What's going on here? Does the atheist have superior insight that allows him to see the errors that invalidate the arguments for God that seem valid to us theists? Or is it the atheist who is missing something?
I would argue that it's the latter. Consider: the theist believes in the real existence of everything that the atheist believes in: matter, energy, space, time. The theist believes that the physical world really exists, just as the atheist does. And the theist believes that the scientific description of nature is fundamentally correct, as far as it goes.
But the atheist refuses to expand his mental universe by also believing in the transcendent things that the theist believes in: God, souls, angels and demons, for example. The atheist restricts himself to a sort of tunnel vision.

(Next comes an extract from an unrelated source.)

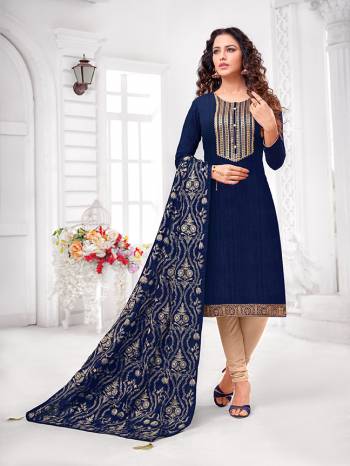 Grab This Designer Straight Suit For Your Semi-Casual Wear In Navy Blue Colored Top and Dupatta Paired With Cream Colored Bottom. Its Top and Dupatta Are Art Silk Based Paired With Cotton Bottom.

And this is where atheism becomes vulnerable. The atheist does not disbelieve in God because he has neutrally examined all the evidence, and drawn the proper conclusion that there is no God. On the contrary, the atheist radically misconstrues the plentiful evidence for God, and he does this because of his false worldview, which tells him that only the physical really exists. Before he has examined the evidence, the atheist thinks he knows that nothing non-physical actually exists, and this assumption governs how he responds to the evidence.
About that word "worldview:" It means a comprehensive system of thought that describes the nature of reality, answers the big questions of life, and provides man with a code of conduct. Most Western atheists have a worldview that the philosophers call "naturalism," the basic elements of which include atheism, empiricism (the doctrine that all knowledge is obtained inductively, based on our sense perceptions), and materialism (the doctrine that only matter and its properties exist).
But is it true that only the physical really exists? How would one test this belief? Certainly not by using one's senses to try to detect non-physical entities; that would be rather like the old joke:
Secretary: "Sir, the Invisible Man is here".
Boss: "Tell him I can't see him!"
Of course you can't see the non-physical; it's invisible. Imagine a man, blind from birth, who is skeptical of the existence of color even though he frequently hears other people talking about it. Just as it would be foolish for the blind man to conclude that color does not exist simply because he is unable to detect it with his senses, it is foolish for the atheist to dismiss God because he cannot detect God with his senses.
There is only one effective way to respond to the supercilious atheist's question: Speak his language, the language of evidence and reasoning, of logic and proof. Challenge him to give his reasons for disbelieving.
But that's not enough. You have to challenge his assumptions, which are the real impediment [1] to his believing. Say something like the following:
"I believe in God because that's what the evidence shows. But before you try to debunk my evidence, we have to ask, what are your criteria for deciding whether a God exists, and how do you know that these criteria are correct? Until you can have confidence that you have the correct criteria, it is useless to begin investigating God's existence."
So when the atheist asserts that there is no evidence that any miracle has occurred, ask him: "What sort of evidence for a miracle would you regard as being valid? And how do you know ahead of time that any miracle not validated by this type of evidence must not have occurred?"
And when he says that naturalistic (that is, atheistic) science provides the more plausible explanation for the entire history of the universe since the Big Bang, ask him: "How do you know that a super-naturalistic explanation, involving a God who intervenes from time to time, cannot be the correct explanation? Wouldn't one have to be, for all intents and purposes, omniscient in order to know that God could not have been involved?"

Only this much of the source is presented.